Unified End-to-End V2X Cooperative Autonomous Driving
Zhiwei Li, Bozhen Zhang, Lei Yang, Tianyu Shen, Nuo Xu, Ruosen Hao, Weiting Li, Tao Yan, Huaping Liu
TL;DR
This work tackles the gap that end-to-end V2X driving has often prioritized perception accuracy over accident prediction. It introduces UniE2EV2X, a unified end-to-end framework that fuses vehicle and infrastructure data through a Temporal BEV-based cooperative feature encoder and an integrated perception, motion, and accident-prediction module, all powered by deformable attention. Key contributions include (i) a V2X cooperative feature encoding pipeline with spatial BEV mapping and temporal cascading fusion, (ii) a unified end-to-end architecture for detection, tracking, motion prediction, and accident prediction, and (iii) validation on the DeepAccident dataset showing improved accident prediction and end-to-end perception performance. The approach holds practical significance for safer autonomous driving by leveraging V2X cooperation to enhance situational awareness and predictive safety assessments in complex traffic scenarios.
Abstract
V2X cooperation, through the integration of sensor data from both vehicles and infrastructure, is considered a pivotal approach to advancing autonomous driving technology.
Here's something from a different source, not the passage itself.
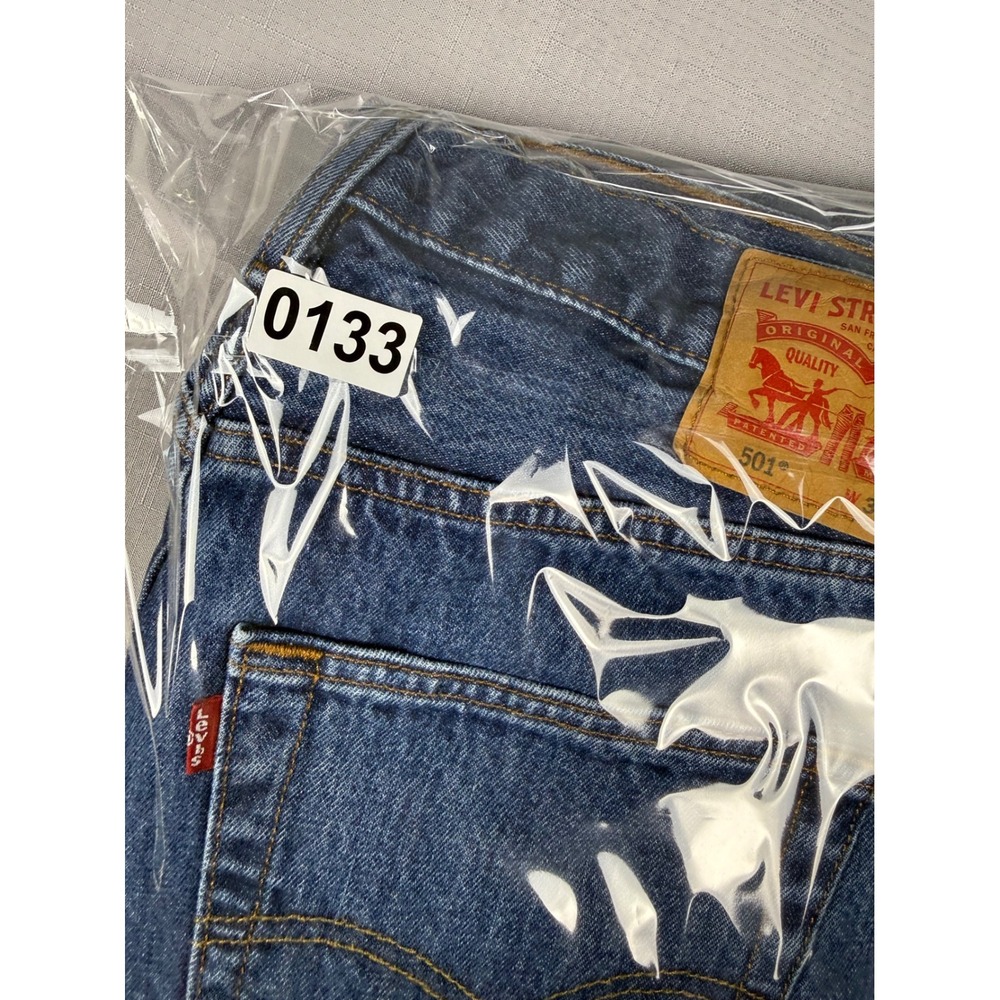 Levis 501 Original Fit Jeans Mens 36x36 Blue Denim Straight Leg Button Fly - Picture 10 of 10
Current research primarily focuses on enhancing perception accuracy, often overlooking the systematic improvement of accident prediction accuracy through end-to-end learning, leading to insufficient attention to the safety issues of autonomous driving. To address this challenge, this paper introduces the UniE2EV2X framework, a V2X-integrated end-to-end autonomous driving system that consolidates key driving modules within a unified network. The framework employs a deformable attention-based data fusion strategy, effectively facilitating cooperation between vehicles and infrastructure. The main advantages include: 1) significantly enhancing agents' perception and motion prediction capabilities, thereby improving the accuracy of accident predictions; 2) ensuring high reliability in the data fusion process; 3) superior end-to-end perception compared to modular approaches. Furthermore, We implement the UniE2EV2X framework on the challenging DeepAccident, a simulation dataset designed for V2X cooperative driving.